- SUPPLIED MATERIAL -
=====
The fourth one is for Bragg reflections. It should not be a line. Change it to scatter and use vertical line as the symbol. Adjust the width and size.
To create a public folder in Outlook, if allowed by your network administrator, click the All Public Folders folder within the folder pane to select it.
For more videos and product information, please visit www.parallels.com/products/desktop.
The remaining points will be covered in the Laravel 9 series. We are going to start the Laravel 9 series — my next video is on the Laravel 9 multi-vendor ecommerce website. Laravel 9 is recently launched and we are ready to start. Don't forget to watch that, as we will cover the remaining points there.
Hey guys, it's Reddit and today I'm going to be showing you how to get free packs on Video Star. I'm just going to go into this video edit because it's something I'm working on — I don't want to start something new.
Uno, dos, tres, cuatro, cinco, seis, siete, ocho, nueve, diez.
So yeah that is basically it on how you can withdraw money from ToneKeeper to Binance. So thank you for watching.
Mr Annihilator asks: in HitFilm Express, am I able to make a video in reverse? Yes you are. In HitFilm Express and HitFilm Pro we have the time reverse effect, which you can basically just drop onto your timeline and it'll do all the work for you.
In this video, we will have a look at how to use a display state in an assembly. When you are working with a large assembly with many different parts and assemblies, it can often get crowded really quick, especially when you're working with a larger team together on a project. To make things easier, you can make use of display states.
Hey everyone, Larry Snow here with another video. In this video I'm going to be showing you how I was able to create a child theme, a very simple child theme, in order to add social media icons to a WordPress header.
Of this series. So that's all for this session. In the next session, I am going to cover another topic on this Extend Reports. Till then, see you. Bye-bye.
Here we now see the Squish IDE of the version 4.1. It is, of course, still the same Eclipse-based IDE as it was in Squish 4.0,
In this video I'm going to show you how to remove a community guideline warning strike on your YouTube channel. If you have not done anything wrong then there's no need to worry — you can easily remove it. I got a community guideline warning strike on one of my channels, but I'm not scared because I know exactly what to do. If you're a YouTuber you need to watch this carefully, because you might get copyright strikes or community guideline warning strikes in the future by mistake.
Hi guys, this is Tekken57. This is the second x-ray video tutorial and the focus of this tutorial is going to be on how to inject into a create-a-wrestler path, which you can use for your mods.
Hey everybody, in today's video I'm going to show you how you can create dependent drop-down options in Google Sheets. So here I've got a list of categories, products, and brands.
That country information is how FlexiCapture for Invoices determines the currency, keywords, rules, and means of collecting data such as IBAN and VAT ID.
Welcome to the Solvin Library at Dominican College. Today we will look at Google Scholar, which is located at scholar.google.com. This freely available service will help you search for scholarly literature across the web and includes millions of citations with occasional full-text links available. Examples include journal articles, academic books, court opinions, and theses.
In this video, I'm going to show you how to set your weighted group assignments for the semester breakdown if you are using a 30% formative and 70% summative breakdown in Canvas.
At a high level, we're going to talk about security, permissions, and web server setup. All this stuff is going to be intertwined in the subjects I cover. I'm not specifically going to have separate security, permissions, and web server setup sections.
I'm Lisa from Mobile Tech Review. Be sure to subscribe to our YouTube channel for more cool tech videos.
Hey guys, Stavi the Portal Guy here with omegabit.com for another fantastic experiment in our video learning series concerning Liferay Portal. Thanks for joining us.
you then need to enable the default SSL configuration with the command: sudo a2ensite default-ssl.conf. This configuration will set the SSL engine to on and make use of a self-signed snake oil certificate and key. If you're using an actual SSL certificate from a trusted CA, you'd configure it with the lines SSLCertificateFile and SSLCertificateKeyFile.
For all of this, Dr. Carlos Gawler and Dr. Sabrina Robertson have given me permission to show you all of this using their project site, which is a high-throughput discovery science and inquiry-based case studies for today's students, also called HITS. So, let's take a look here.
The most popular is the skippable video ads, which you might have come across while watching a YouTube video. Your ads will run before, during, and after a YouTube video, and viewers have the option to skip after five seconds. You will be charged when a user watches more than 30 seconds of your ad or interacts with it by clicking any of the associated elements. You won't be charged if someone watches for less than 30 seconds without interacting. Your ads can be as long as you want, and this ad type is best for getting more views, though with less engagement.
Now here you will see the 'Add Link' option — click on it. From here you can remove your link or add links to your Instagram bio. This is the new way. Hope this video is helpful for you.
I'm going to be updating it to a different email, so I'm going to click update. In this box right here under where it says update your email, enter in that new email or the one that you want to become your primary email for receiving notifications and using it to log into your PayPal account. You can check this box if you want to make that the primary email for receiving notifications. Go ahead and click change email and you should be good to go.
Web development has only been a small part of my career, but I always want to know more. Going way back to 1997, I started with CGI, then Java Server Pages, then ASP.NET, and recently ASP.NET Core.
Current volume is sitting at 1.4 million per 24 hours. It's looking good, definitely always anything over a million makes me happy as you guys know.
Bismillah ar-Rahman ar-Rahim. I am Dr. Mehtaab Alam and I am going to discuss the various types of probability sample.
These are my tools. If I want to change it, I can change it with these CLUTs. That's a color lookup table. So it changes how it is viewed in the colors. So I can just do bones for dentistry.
=====
- WHAT YOU ARE ASKED TO DO -
Write out every line of the records exactly.

- WRITTEN ANSWER -
The fourth one is for Bragg reflections. It should not be a line. Change it to scatter and use vertical line as the symbol. Adjust the width and size.
To create a public folder in Outlook, if allowed by your network administrator, click the All Public Folders folder within the folder pane to select it.
For more videos and product information, please visit www.parallels.com/products/desktop.
The remaining points will be covered in the Laravel 9 series. We are going to start the Laravel 9 series — my next video is on the Laravel 9 multi-vendor ecommerce website. Laravel 9 is recently launched and we are ready to start. Don't forget to watch that, as we will cover the remaining points there.
Hey guys, it's Reddit and today I'm going to be showing you how to get free packs on Video Star. I'm just going to go into this video edit because it's something I'm working on — I don't want to start something new.
Uno, dos, tres, cuatro, cinco, seis, siete, ocho, nueve, diez.
So yeah that is basically it on how you can withdraw money from ToneKeeper to Binance. So thank you for watching.
Mr Annihilator asks: in HitFilm Express, am I able to make a video in reverse? Yes you are. In HitFilm Express and HitFilm Pro we have the time reverse effect, which you can basically just drop onto your timeline and it'll do all the work for you.
In this video, we will have a look at how to use a display state in an assembly. When you are working with a large assembly with many different parts and assemblies, it can often get crowded really quick, especially when you're working with a larger team together on a project. To make things easier, you can make use of display states.
Hey everyone, Larry Snow here with another video. In this video I'm going to be showing you how I was able to create a child theme, a very simple child theme, in order to add social media icons to a WordPress header.
Of this series. So that's all for this session. In the next session, I am going to cover another topic on this Extend Reports. Till then, see you. Bye-bye.
Here we now see the Squish IDE of the version 4.1. It is, of course, still the same Eclipse-based IDE as it was in Squish 4.0,
In this video I'm going to show you how to remove a community guideline warning strike on your YouTube channel. If you have not done anything wrong then there's no need to worry — you can easily remove it. I got a community guideline warning strike on one of my channels, but I'm not scared because I know exactly what to do. If you're a YouTuber you need to watch this carefully, because you might get copyright strikes or community guideline warning strikes in the future by mistake.
Hi guys, this is Tekken57. This is the second x-ray video tutorial and the focus of this tutorial is going to be on how to inject into a create-a-wrestler path, which you can use for your mods.
Hey everybody, in today's video I'm going to show you how you can create dependent drop-down options in Google Sheets. So here I've got a list of categories, products, and brands.
That country information is how FlexiCapture for Invoices determines the currency, keywords, rules, and means of collecting data such as IBAN and VAT ID.
Welcome to the Solvin Library at Dominican College. Today we will look at Google Scholar, which is located at scholar.google.com. This freely available service will help you search for scholarly literature across the web and includes millions of citations with occasional full-text links available. Examples include journal articles, academic books, court opinions, and theses.
In this video, I'm going to show you how to set your weighted group assignments for the semester breakdown if you are using a 30% formative and 70% summative breakdown in Canvas.
At a high level, we're going to talk about security, permissions, and web server setup. All this stuff is going to be intertwined in the subjects I cover. I'm not specifically going to have separate security, permissions, and web server setup sections.
I'm Lisa from Mobile Tech Review. Be sure to subscribe to our YouTube channel for more cool tech videos.
Hey guys, Stavi the Portal Guy here with omegabit.com for another fantastic experiment in our video learning series concerning Liferay Portal. Thanks for joining us.
you then need to enable the default SSL configuration with the command: sudo a2ensite default-ssl.conf. This configuration will set the SSL engine to on and make use of a self-signed snake oil certificate and key. If you're using an actual SSL certificate from a trusted CA, you'd configure it with the lines SSLCertificateFile and SSLCertificateKeyFile.
For all of this, Dr. Carlos Gawler and Dr. Sabrina Robertson have given me permission to show you all of this using their project site, which is a high-throughput discovery science and inquiry-based case studies for today's students, also called HITS. So, let's take a look here.
The most popular is the skippable video ads, which you might have come across while watching a YouTube video. Your ads will run before, during, and after a YouTube video, and viewers have the option to skip after five seconds. You will be charged when a user watches more than 30 seconds of your ad or interacts with it by clicking any of the associated elements. You won't be charged if someone watches for less than 30 seconds without interacting. Your ads can be as long as you want, and this ad type is best for getting more views, though with less engagement.
Now here you will see the 'Add Link' option — click on it. From here you can remove your link or add links to your Instagram bio. This is the new way. Hope this video is helpful for you.
I'm going to be updating it to a different email, so I'm going to click update. In this box right here under where it says update your email, enter in that new email or the one that you want to become your primary email for receiving notifications and using it to log into your PayPal account. You can check this box if you want to make that the primary email for receiving notifications. Go ahead and click change email and you should be good to go.
Web development has only been a small part of my career, but I always want to know more. Going way back to 1997, I started with CGI, then Java Server Pages, then ASP.NET, and recently ASP.NET Core.
Current volume is sitting at 1.4 million per 24 hours. It's looking good, definitely always anything over a million makes me happy as you guys know.
Bismillah ar-Rahman ar-Rahim. I am Dr. Mehtaab Alam and I am going to discuss the various types of probability sample.
These are my tools. If I want to change it, I can change it with these CLUTs. That's a color lookup table. So it changes how it is viewed in the colors. So I can just do bones for dentistry.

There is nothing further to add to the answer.